Corporate inventories, which refer to the collection of greenhouse gases reported by a corporation, are divided into three “scopes.” Scope 1 comprises the emissions that directly occur at a facility owned by the corporation, such as a factory. Scope 2 comprises the upstream emissions associated with the consumption of electricity and heat by the corporation. Finally, Scope 3 comprises a panoply of upstream and downstream emissions ranging from the emissions associated with constructing facilities to those created by the use of a corporation’s products. The revision considered here is about Scope 2 emissions.
The GHGP’s current guidance offers corporations two ways to account for Scope 2 emissions: the location-based method and the market-based method. Under the location-based method, a corporation’s Scope 2 emissions are calculated using an emissions factor related to the emissions of the grid in the region where the electricity consumption occurred. As corporations have little influence over the emissions factor in the regions in which they operate, location-based accounting does not lead to much opportunity for a corporation to be able to reduce its Scope 2 emissions.
In the market-based method, each unit of clean electricity (i.e., electricity produced without direct greenhouse gas emissions, such as wind and solar) has an associated EAC. The EAC is intended to represent the “attribute” of clean energy and can be transferred from the electricity generator to a corporation separate from the purchase and sale of that clean electricity. Once in possession of an EAC, a corporation can “retire” the EAC and claim that it is consuming clean electricity when calculating its Scope 2 emissions. As I’ve discussed before, this is a useful fiction but does not represent the actual consumption of clean energy.
What Changes Are Being Proposed?
The GHGP is requesting comments on revisions to both the location-based and market-based methods. I will discuss only the market-based method in this blog post. In the GHGP’s current version of its market-based method, a company can retire an EAC at any time during the year in which the EAC was created. The new proposal makes two changes to this practice. First, the revision adds the requirement that the EAC be used only to represent the consumption of clean power in the same hour in which the EAC was created. The GHGP (and others) call this “hourly matching.” Second, the proposal requires that the EAC must be created and used in the same region for a company to claim the consumption of clean electricity. The GHGP calls this latter requirement “deliverability,” which I consider a misnomer due to many of the issues I discuss here.

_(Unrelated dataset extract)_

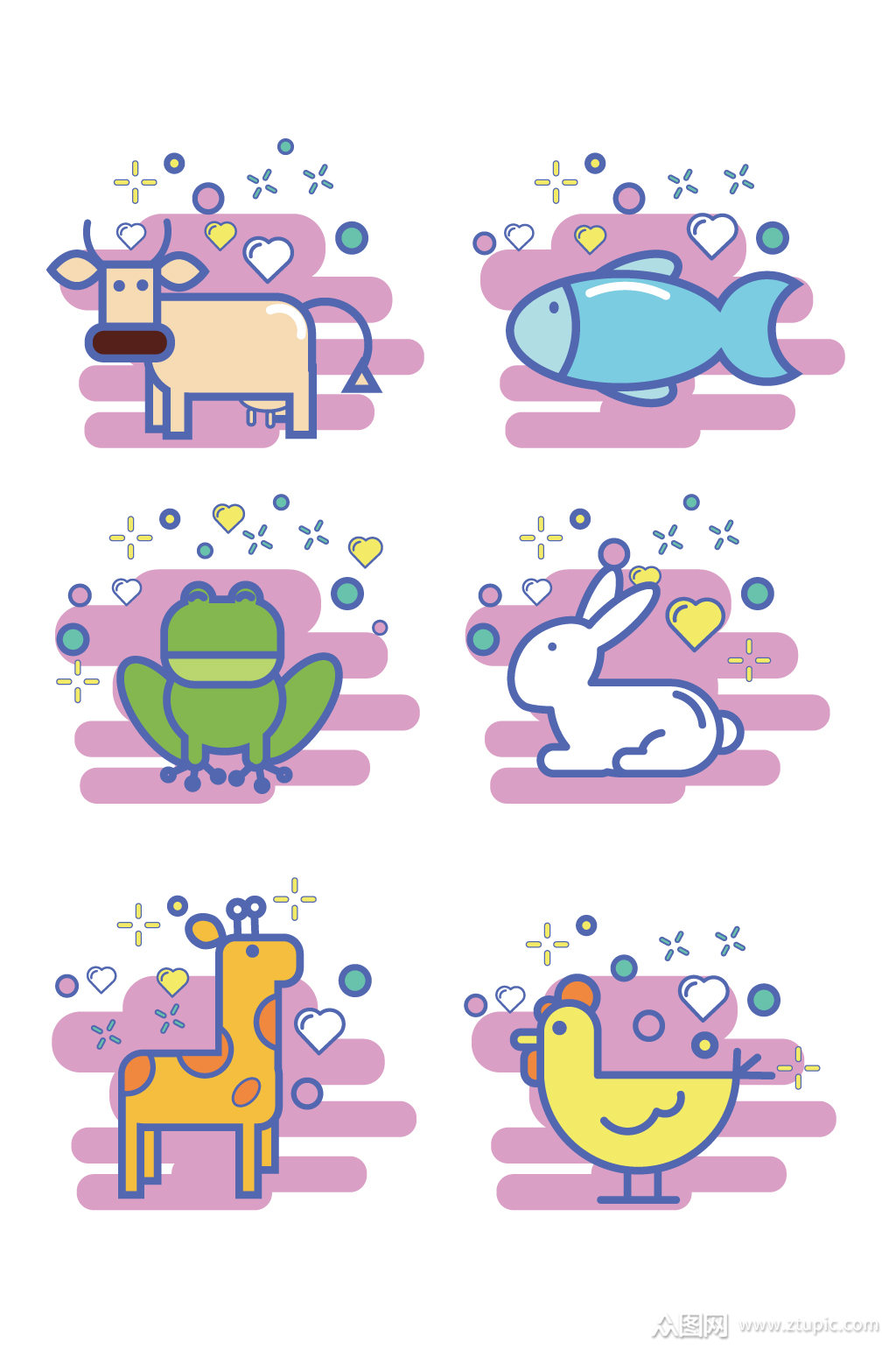 卡通动物动物图标模板下载-编号269407-众图网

These new requirements would add considerable complexity to GHGP reporting. To address this complexity, the guidance proposes an exemption from the hourly matching requirement for small- and medium-sized companies and/or companies that consume electricity below a not-yet-specified threshold. The GHGP would also phase in its updated guidance over time. In addition, for companies that have trouble determining their hourly electricity consumption, the GHGP proposes allowing the use of standard load profiles. There is no proposed exemption from the deliverability requirement. As I will discuss in subsequent blog posts, these proposed changes also could make complying with long-term contracts and engaging with spot markets more challenging. Especially in today’s political environment, companies could choose to drop emissions accounting entirely in the face of this added complexity.
What Effects Do We Expect These Changes to Have?

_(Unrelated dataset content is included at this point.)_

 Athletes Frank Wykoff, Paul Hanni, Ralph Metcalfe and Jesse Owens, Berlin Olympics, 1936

There are several similarities between the GHGP’s proposed updates and the final requirements for the 45V hydrogen production tax credit. When 45V was introduced in the Inflation Reduction Act, the Biden administration had to decide how to calculate the life-cycle emissions for hydrogen production. After an intense lobbying campaign for a variety of options, the Biden administration embraced what it called the “three pillars”: hourly matching, deliverability, and incrementality. Of the three, the only pillar that is not a requirement in the GHGP revision is incrementality, which would require corporations to purchase EACs from relatively new generators.
I wrote several analyses (evaluating emissions and costs, comparing hourly and annual matching, incorporating the demand for hydrogen, and considering new clean electricity) which examine papers that modeled the impacts of the three pillars. What I learned is that the three pillars, more likely than not, can lead to lower overall emissions from electricity generation, but the reason has little to do with the operation of the grid. Instead, the largest effect on emissions arises from how either 45V or the GHGP update affects the construction of new clean generators. In other words, it’s much more important whether a clean generator (as opposed to a natural gas plant) is built in response to new load on the grid, than whether that load is either proximate to (i.e., deliverability) or is temporally aligned with (i.e., hourly matching) clean generation.

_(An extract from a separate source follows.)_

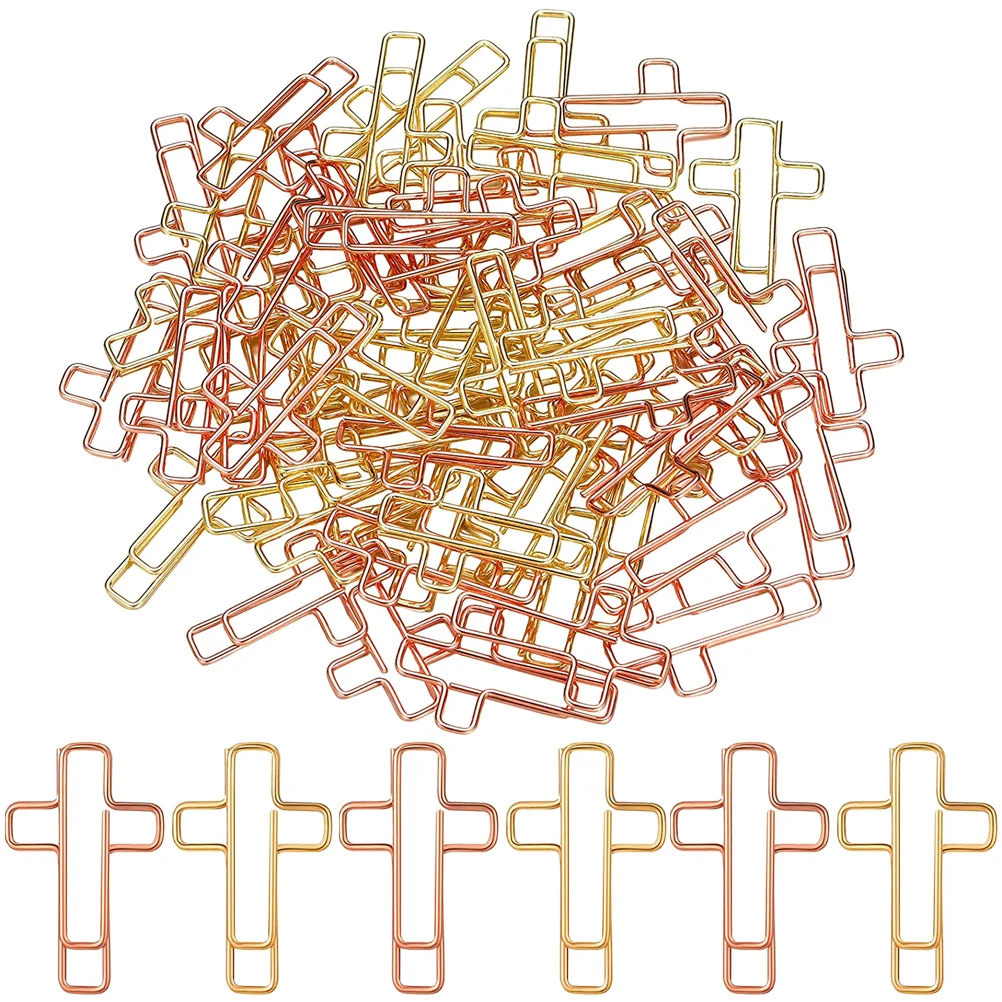 40 Pcs School Supplies Cross Shaped Clips Document Office Stationery Paper Metal Marking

The mechanism by which more clean generation is built is money. If the EACs have a high enough price, they can be an additional revenue source for the clean generator, making more clean energy projects profitable. The price of an EAC is determined by certificate supply and demand from corporations. Under the GHGP’s proposed revisions, there would be a different type of EAC for each individual hour and region, leading to thousands of types of EACs, rather than one type of EAC over the course of the year. This proliferation of EAC product types creates more opportunities for periods during which the demand for EACs outweighs the supply, driving the price up. The purchase and sale of these expensive EACs can drive new clean generation, leading to emissions reductions.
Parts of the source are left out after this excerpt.